Contributor Lindsay B. Davis on the release of the soundtrack for the 1977 film ‘A Little Night Music,’ an adaptation of Stephen Sondheim’s Broadway musical.
Stephen Sondheim, the legendary Broadway musical theater composer and lyricist, once said in a 2006 interview with Time Out London, “The movie adaptations of stage musicals that I’ve seen, without exception, in my opinion don’t work…It’s not just the realism but the fact that a close-up on screen can say all a song can: ‘What justifies a character singing one idea, no matter how cleverly, for three minutes on the screen? I get impatient and want the story to carry on. I don’t get impatient in the theatre.“
This could explain why, for many years, the 1977 film adaptation of acclaimed Broadway musical A Little Night Music (1973) was one of only a few Sondheim musicals to migrate from stage to screen. Directed by Hal Prince (who directed the Broadway original as well) it stars Elizabeth Taylor as actress Desiree Armfeldt (in a role originated by Glynis Johns) and despite Taylor’s star power, the overall reception was decidedly negative. Said New York Times critic Vincent Camby, “Having elected to transform the Sondheim show into a film, Mr. Prince appears to have made every decision that could sabotage the music and the lyrics. He has cast the film with people who don’t sing very well and then staged almost every number in such a way that we can’t respond to the lyrics.”
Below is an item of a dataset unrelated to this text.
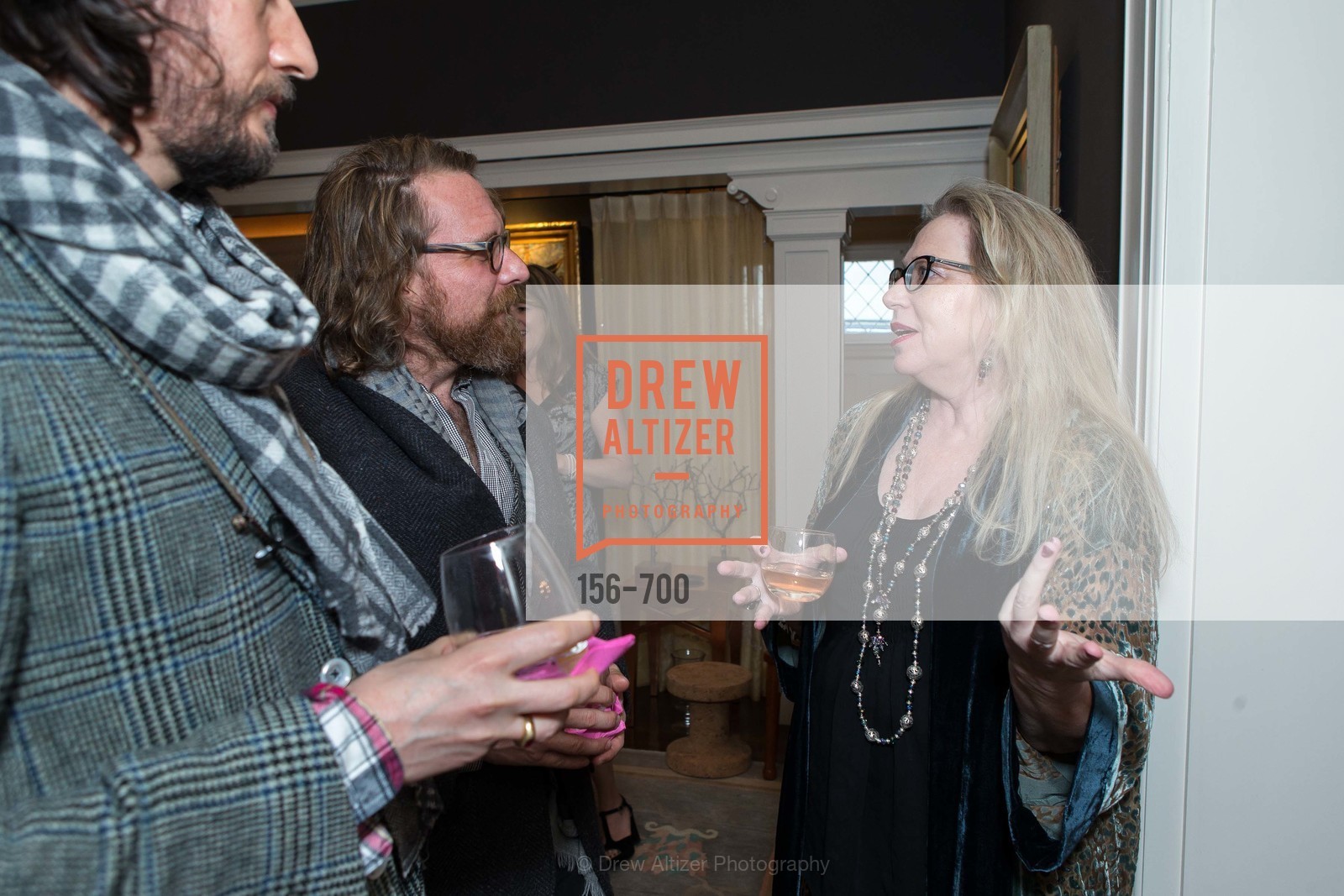 Jake Baxter, SUKEY FORBES' Book Signing, US, May 7th, 2015,Drew Altizer, Drew Altizer Photography, full-service agency, private events, San Francisco photographer, photographer california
That did not stop the Academy from awarding the film with its Best Adaptation Score Oscar, which speaks volumes about how a good soundtrack could often transcend a mediocre film, as is the case with A Little Night Music, being released by Masterworks Broadway. While the film soundtrack may not appeal to Broadway purists (due to 5 of the Broadway original’s songs being left out, others like “The Glamour Life” being seriously revised and the mid-level vocals of Ms. Taylor) it has appeal and even when listened to without the context of the film or having seen the musical, quite lovely. Consider it one to enjoy with a hot cup of coffee and croissant on a Sunday morning. Listen to “A Weekend in the Country” and be swept away. A weekend in the country taking rambles, having leisurely chats…Feel the solemnity of the all instrumental “Poor Old Frederick.” Find yourself singing out along with Taylor in “Send in the Clowns” … Isn’t it bliss? Don’t you approve? … before perhaps Googling Judi Collins’ rendition.
Other highlights include “Now Soon Later” and “Every Day a Little Death,” which has the cinema’s clickety-clack sound of a carriage ride and horse’s nays in the background. Sung by Diana Rigg and Lesley-Anne Down, with Rigg’s triumphant and rich resonance, it is so moving. A song that aches. Love’s disgusting and insane. A humiliating business. Oh, how true. Ah, well.
The newly-remastered CD is transferred from the original stereo masters, and includes liner notes by Sondheim archivist Peter E. Jones. The CD will be available through Arkiv Music on September 10, plus downloads through digital service providers the same day.
Lindsay B. Davis is an arts/culture journalist and theater artist. She resides in New York City.